Fatoumatta: The sentencing of those journalists in Rwanda for their roles in fueling the 1994 hate and genocide in 2003 also marks the beginning of the end of the impunity of hate media practitioners play a significant role through their hate media and ends a critical point of a historic trial that highlighted what became known as the “hate media” during the tragic period in the African country’s history.
The international criminal tribunal for Rwanda (ICTR), held in Tanzania, heard how the media played a significant role in inciting extremists from the Hutu majority to carry out the 100-day slaughter of ethnic Tutsis and politically moderate Hutus.
“This tribunal has set an important precedent that says if the media in this day and age uses their power to attack an ethnic group or racial group, they will have to face justice,” the chief prosecutor of the ICTR, Hassan Boubacar Jallow, and current Chief justice of the Gambia and a Director of World Justice Project told the global media after he successfully prosecuted those broadcast journalists propagating hatred, tribalism, and genocide through the use hate media.

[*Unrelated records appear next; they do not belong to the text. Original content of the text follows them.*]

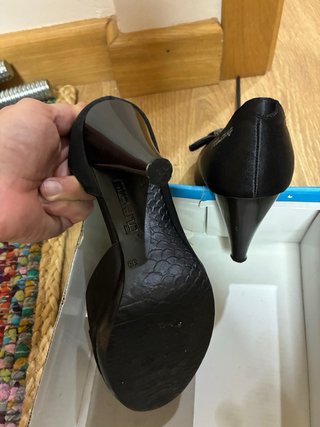 Zapatos Mustang Tacon Peep Toe Negro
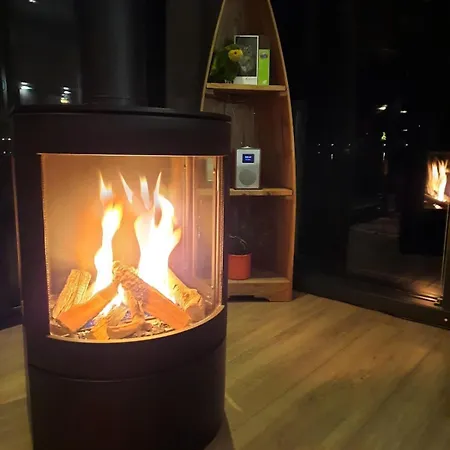 בית נופש Floatinghouse Marama - Lp10 פנמינדה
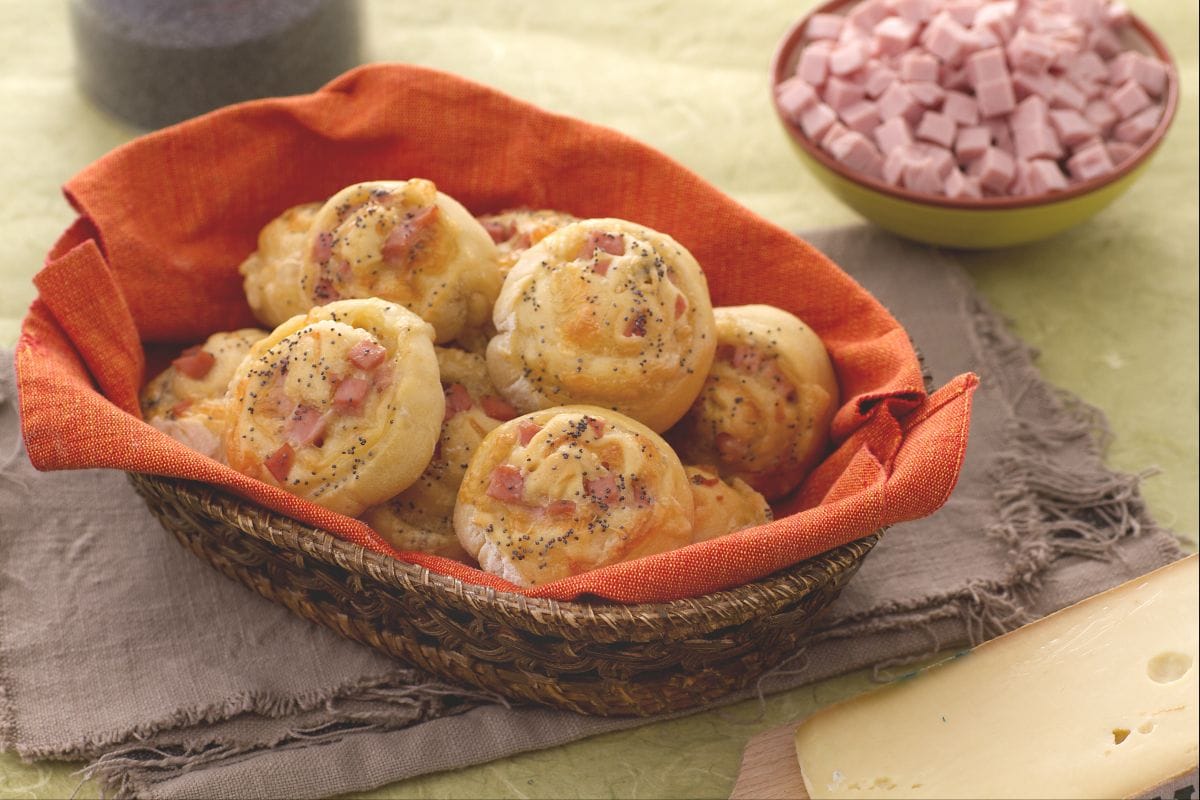 Gefüllte Brotschnecken mit Schinkenwürfeln und Fontina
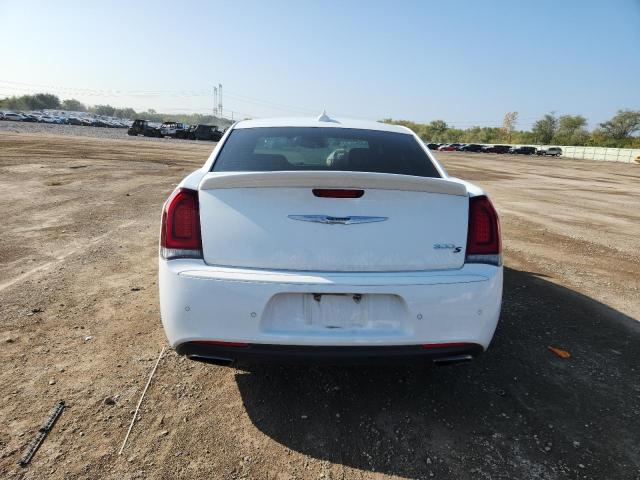 Photo 6 from auction – 2018 CHRYSLER 300 S with VIN 2C3CCABG1JH266990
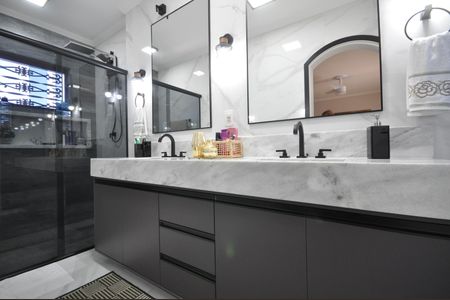 Banheiro do Quarto Suíte de casa à venda com 4 quartos, 234m² em Vila Constança, São Paulo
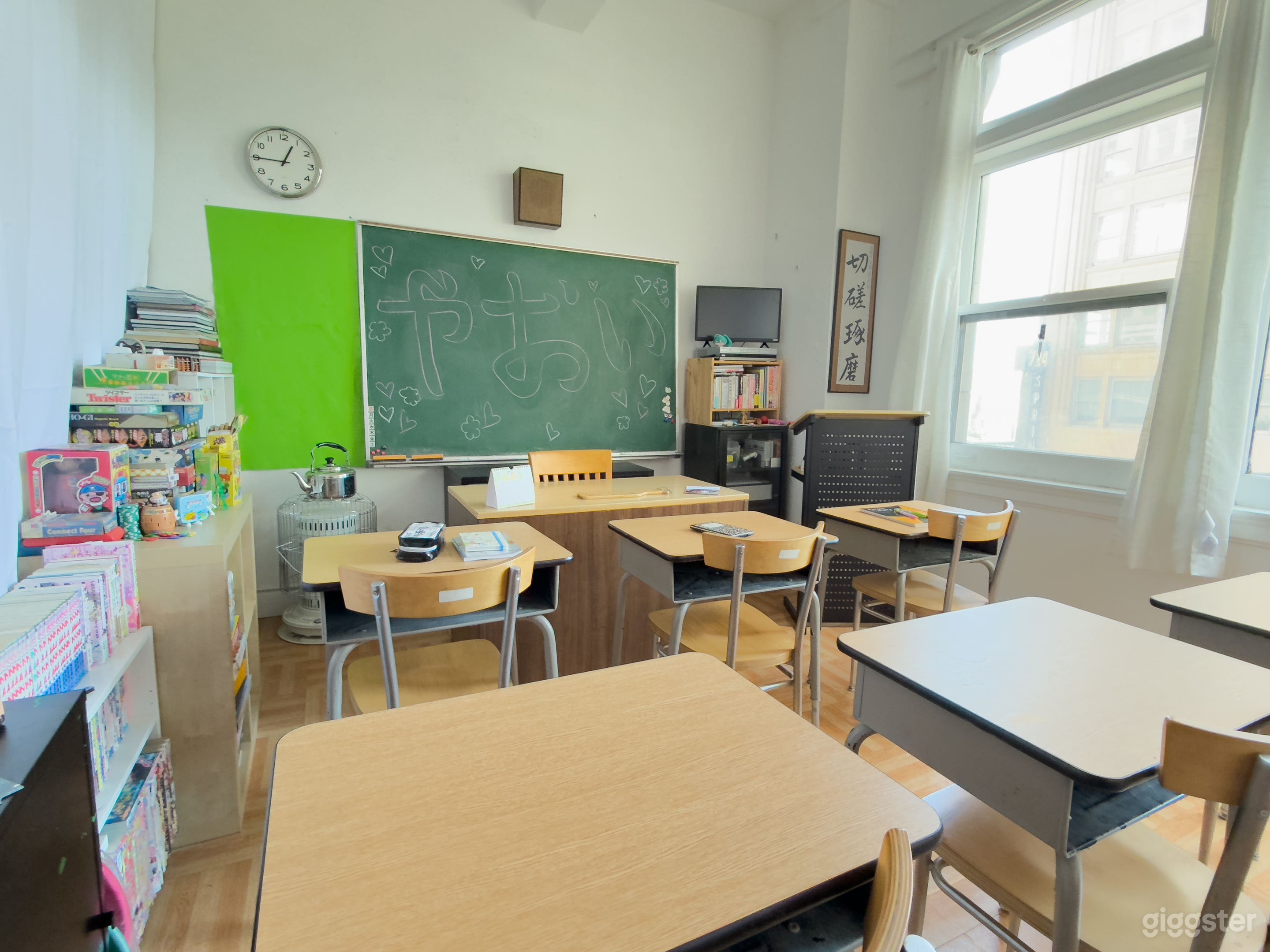 Classroom arranged 3 columns by 2 rows.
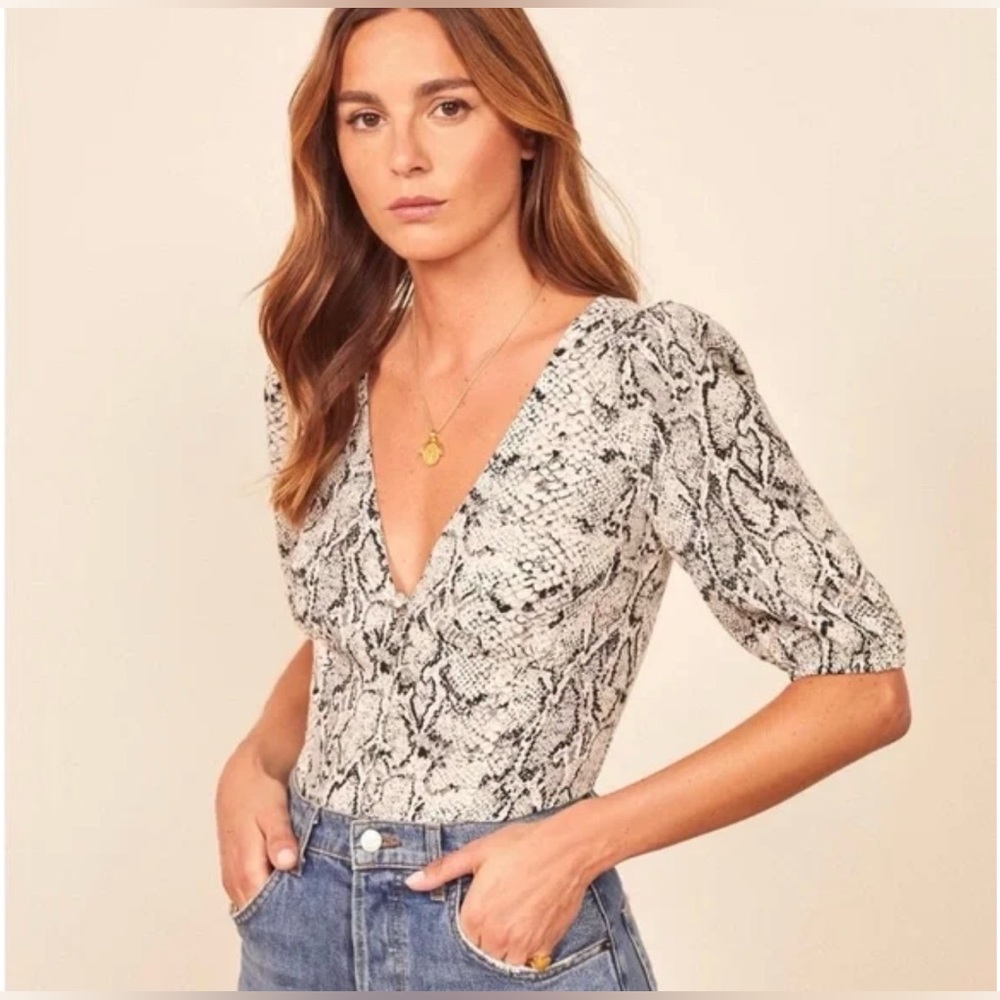 🤍 Reformation Eliana Snakeskin Print Top Plunge V Neck Button Front Size Small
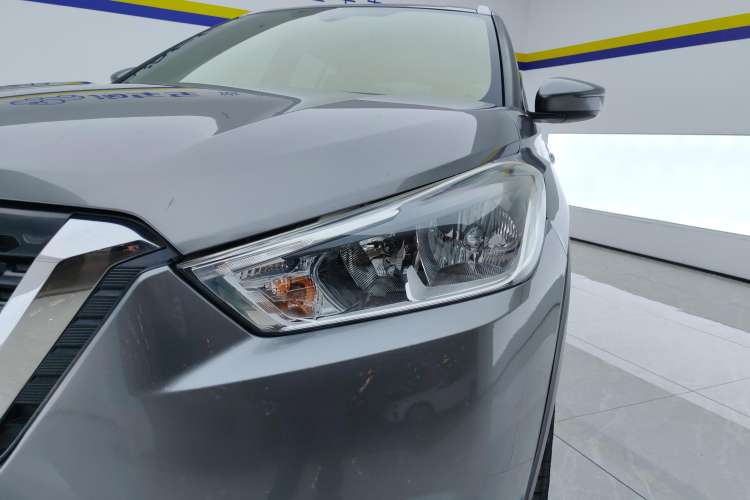 Used Nissan Kicks 2017 1.5L CVT Smart Drive Edition Left Front Headlight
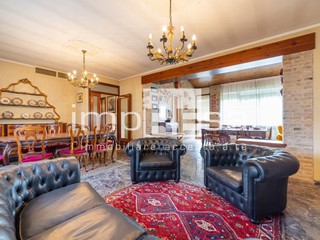 Casa Indipendente in Vendita a Trebaseleghe, 360'000€, 380 m²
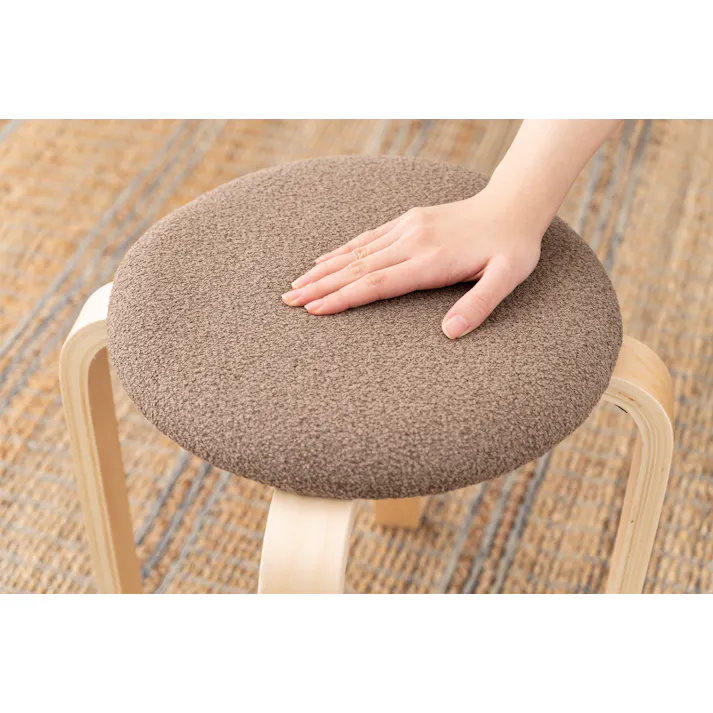 Room Essence スツール W32×D32×H45 モカブラウン 完成品 椅子 円 スタッキング ニュアンスカラー トレンド シンプル 天然木 木製 おしゃれ ナチュラル 北欧 キッチン ラウンド CL-802MBR【別送品】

Chief Prosecutor of the Rwanda tribunal Hassan B. Jallow said the use of “hate media,” which acted as propaganda outlets, helps explain how ordinary Rwandans – even children and grandparents – were influenced to participate in the killings. In Rwanda, an agenda was set for the Hutu audience of RTLM emphasizing that all Tutsis were a threat to all Hutus on a long-term basis; that the only way to protect the Hutu was to destroy the Tutsi; that as Hutu leaders deemed the threat to be immediate and local, you as a Hutu should join the collective effort in exterminating the Tutsi. Thus, the Rwanda genocide was a cascading series of actions deriving from the representation of the Tutsi as the enemy.
At the trial, several emotional witnesses, including media employees, compared the role of the media to that of fuel on a fire. Phrases like “go to work” and “the graves are not yet full” were read by radio D.J.s during the spring of 1994. A newspaper called on citizens to exterminate the “cockroach Tutsis.”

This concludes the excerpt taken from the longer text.